In order to meet our omega-3 requirements through food, it’s recommended to consume 2-3 servings of oily fish per week. For some of us, it might be easy! But if you’re not a fan of fish or if you have an allergy, it might be more difficult. The good news is you can get it through omega-3 supplements (there are toddler and child versions too!). Webber Naturals has a great lineup of omegas and fatty acids – I recommend their Omega-3 Double Strength 600 mg EPA/DHA.

Amounts to take

There isn’t a gold-standard recommendation on how many milligrams of DHA and EPA children and adults should take in supplement form, but most health experts agree that children should take between 100-150 mg per day of DHA and EPA combined. For adults, a supplement of 1,000-1,500mg of DHA and EPA combined per day would be what’s recommended if oily fish is not consumed.

Diet, nutrition, healthy eating concept. Close Up Of Happy Smiling Asian Woman Taking Supplement Pill And Holding Glass Of Fresh Water In Morning, copy space

Multivitamin / Mineral Supplements

Many families choose to take a multivitamin supplement daily, to “top up” their daily vitamins and fill nutritional gaps. And there’s really nothing wrong with this! Even though a daily multivitamin isn’t always necessary (especially if you eat a wide variety of nutritious foods every day), it certainly won’t hurt, as most individuals (including myself) find it hard to eat a perfectly optimal diet every single day. It might also be necessary to top up key nutrients if your child is going through a picky eating phase or is not eating optimally for a prolonged period of time. Same goes for you – if you feel as though you’re not meeting your daily requirements of key nutrients (you’re not getting enough fruits, veggies, and whole grains), then it might not be a bad idea to supplement with a multivitamin and mineral supplement.

What do multivitamins contain?

Multivitamins contain important nutrients for growth and development, such as B vitamins, vitamin A, vitamin C and more. B vitamins help with metabolism and energy (these are naturally found in animal products such as meat, eggs and dairy, as well as nuts, beans and soybeans). Vitamin A is important for normal growth and promotes healthy skin and eyes, immunity, and tissue and bone repair (natural food sources include yellow and orange vegetables, milk, cheese and eggs). Vitamin C is an important antioxidant that helps to support immune function, production and repair of collagen, muscle and other tissues, as well as wound healing.

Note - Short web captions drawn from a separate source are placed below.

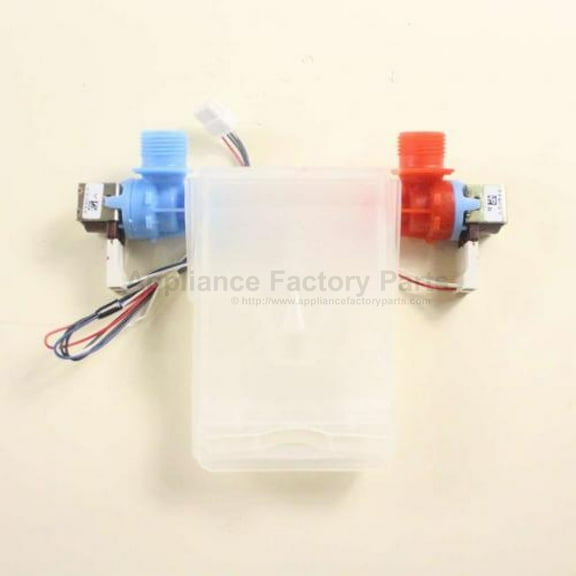Whirlpool VALVE W11038689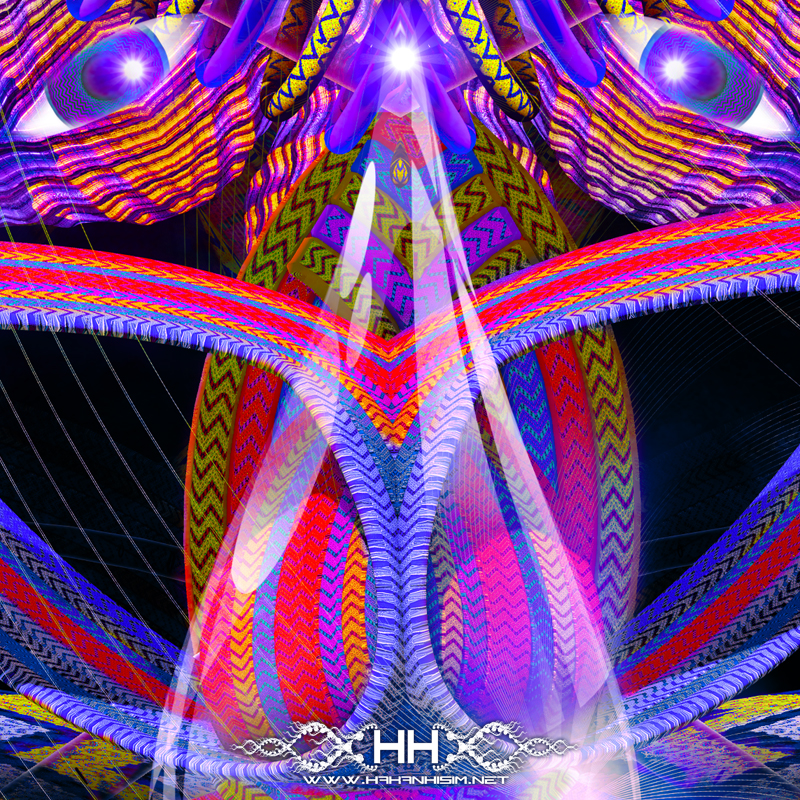 The Divine Moment detail 9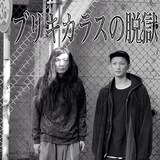 「ブリキカラスの脱獄」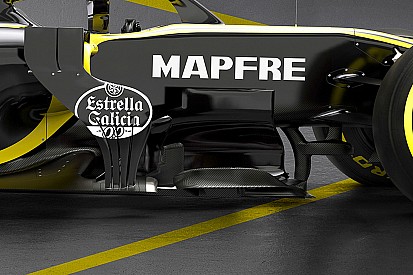 Estrella Galicia 0,0 yeni sezonda Renault'nun sponsoru olacak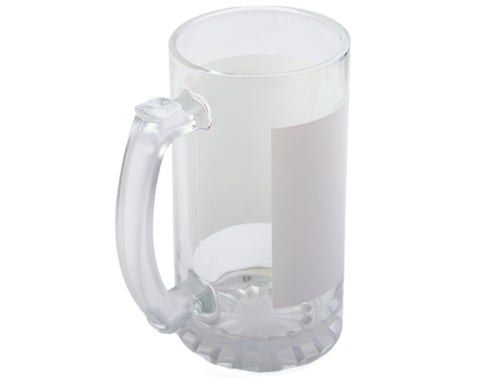 TARRO CERVECERO DE SUBLIMACIÓN 15 OZ NAPA A2621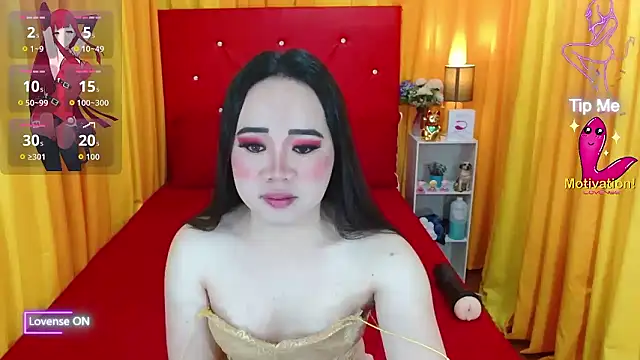 XxAnna HornyxX online show from January 16, 6:48 pm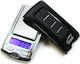 Ηλεκτρονική Επαγγελματική Ζυγαριά Ακριβείας Car Key Mini με Ικανότητα Ζύγισης 0.1kg και Υποδιαίρεση 0.01gr
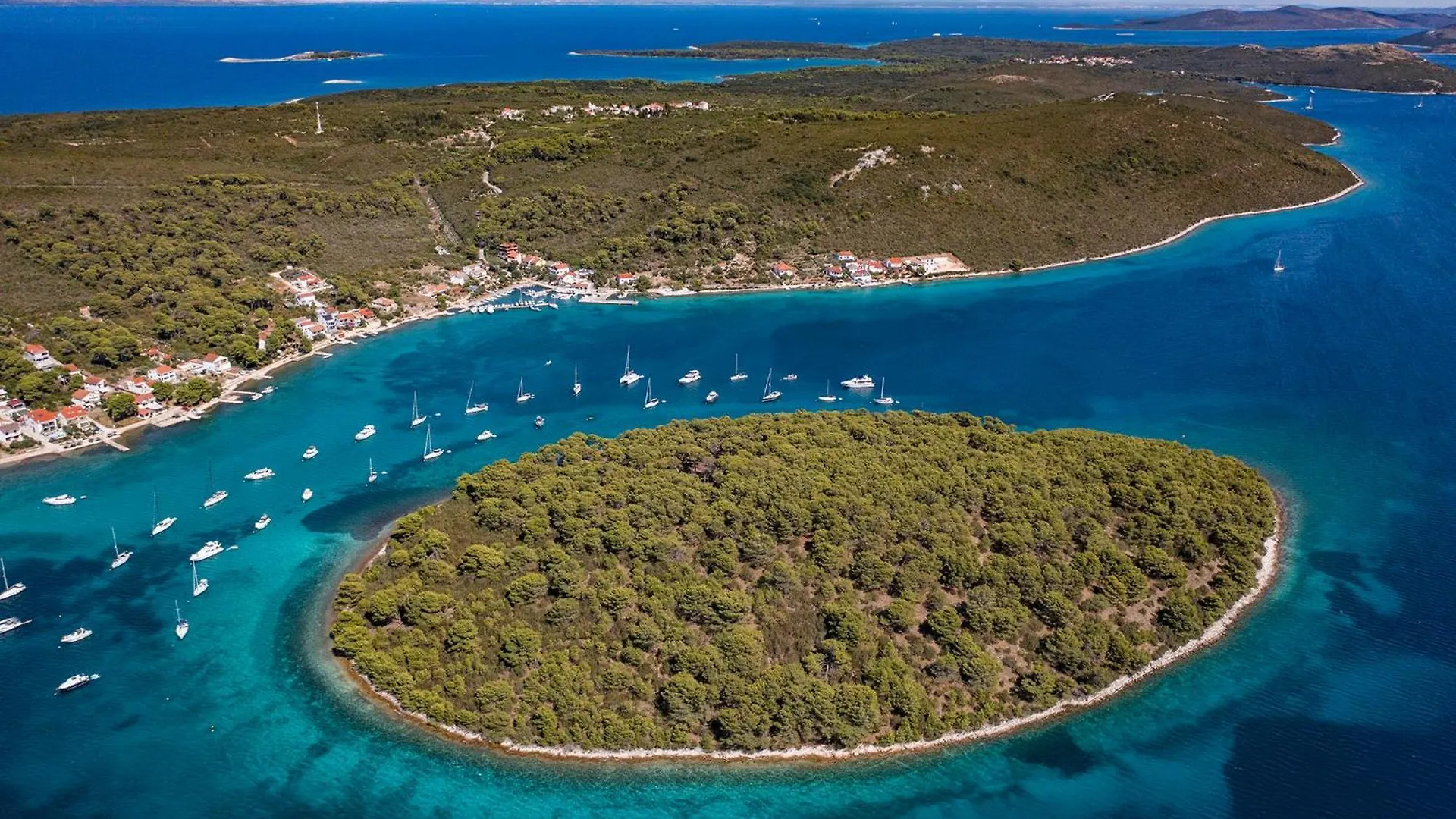Ryanair'S Family Villa With Pool Zadar Croatia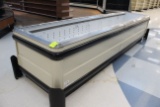 14' Run Of 2008 Hussmann Bunker Cases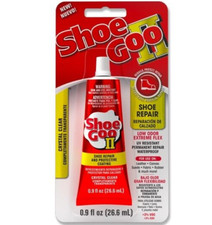 Shoe Goo II Clear 26.6ml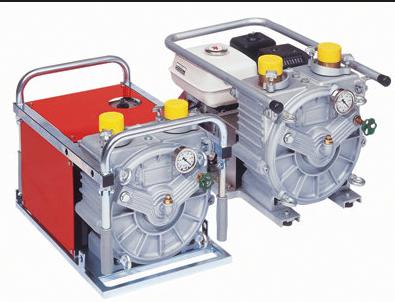 All ELRO Peristaltic Pumps T300 B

Another reason I love Webber Naturals is because they have multis for you and your kids. I recommend the Sesame Street Power Multi for your kids and the Webber Naturals Multi Vitamin for adults.

picky eater

Some Other Considerations for Vitamins

Children and adults who follow vegetarian or vegan diets may need to supplement with not only vitamin D and omega-3, but also nutrients such as iron and vitamin B12, since these are largely found in animal-based foods. And those who have celiac disease are at a higher risk for nutritional deficiencies and may need additional nutrition supplements too. Children (and adults) who have a persistent poor appetite, extreme picky eating patterns, take certain medications or have chronic medical conditions that interfere with food intake may need a supplement as well. If this is the case, it’s best to speak to a qualified health care provider (family doctor and/or registered dietitian) to put together a tailored plan for supplementation.

Discuss supplements with your health care provider (such as a family doctor, pediatrician or registered dietitian) before taking them or giving them to your child. Taking large amounts of vitamins that exceed the recommended daily amount can be toxic and lead to symptoms such as nausea, headaches or diarrhea (this is a thing!). So, please always store supplements out of reach from children.